I’ve been so overwhelmingly sad lately but all I can do is just put on a happy front and pretend like I give no fucks in the world about anything, when in reality I care too much about everything.
Got rid of Twitter.
I’m not sure how long for but I hope it’s permanent. I feel the need for some cleansing in my life and the only way I know how is to disconnect myself from social media for a while.
I’m not sure why I always feel the need to disconnect from people even though I have no reasons to. Perhaps I feel like I need to put on a front that I am strong when all I want to do sometimes is cry. I hate that I hate vulnerability in myself. I hate that I’ve changed this way since the second wave of depression in my life.
I think I just need a good cry even though I don’t really have anything to cry about.
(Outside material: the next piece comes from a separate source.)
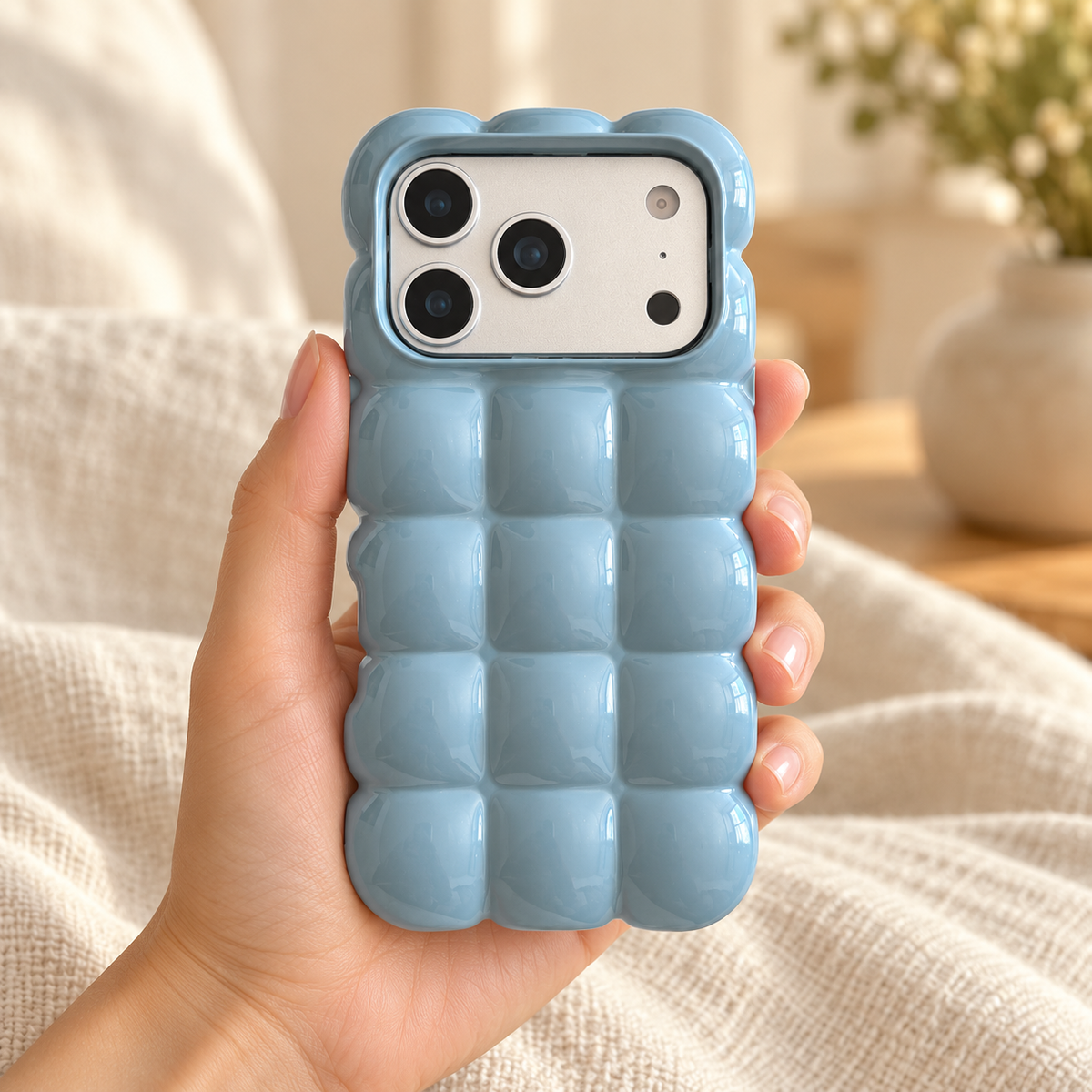 Sky Blue puffy grid iPhone case with rounded-square back and scalloped edges — held upright in one hand.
I think I just need a good cry over nothing.
Have you ever just looked at someone and thought, “I really love you”. They’re just talking or humming or watching a movie or reading a book or laughing or something, and there’s something about them in that moment that makes you think, “I just really love you”
everyones getting in relationships and I can’t even find my other sock
Sometimes I feel like I’m just destined to live a lonely life. Those difficult, lonely, friendless high school years, and now these difficult, lonely, loveless years.
Most days I am happy and dandy, but I guess today is just one of those days.
I’m having a moment right now and I’m feeling so restless, upset and lonely.
I’m 21, yet I’ve never had any sort of intimate experiences. I’ve never had a first kiss, and I’ve never had a boyfriend. I have recently developed a fear of being old and alone. There are so many people out there in the gay community that are old and desperate and I’m so scared of ending up being one of those people. I really just want a love that blossoms and stays with me and my potential future partner forever.
I honestly don’t know why it’s so hard for me to make a connection with gay people. I barely have any gay friends, and at this rate I will never find someone to fall in love with. The pain this loneliness brings has been unbearable lately. I try to soldier it but it doesn’t work. I try to accept it the way it is but it doesn’t work.
Honestly, life is good but I still feel so empty and lonely. I wouldn’t mind if I died tonight.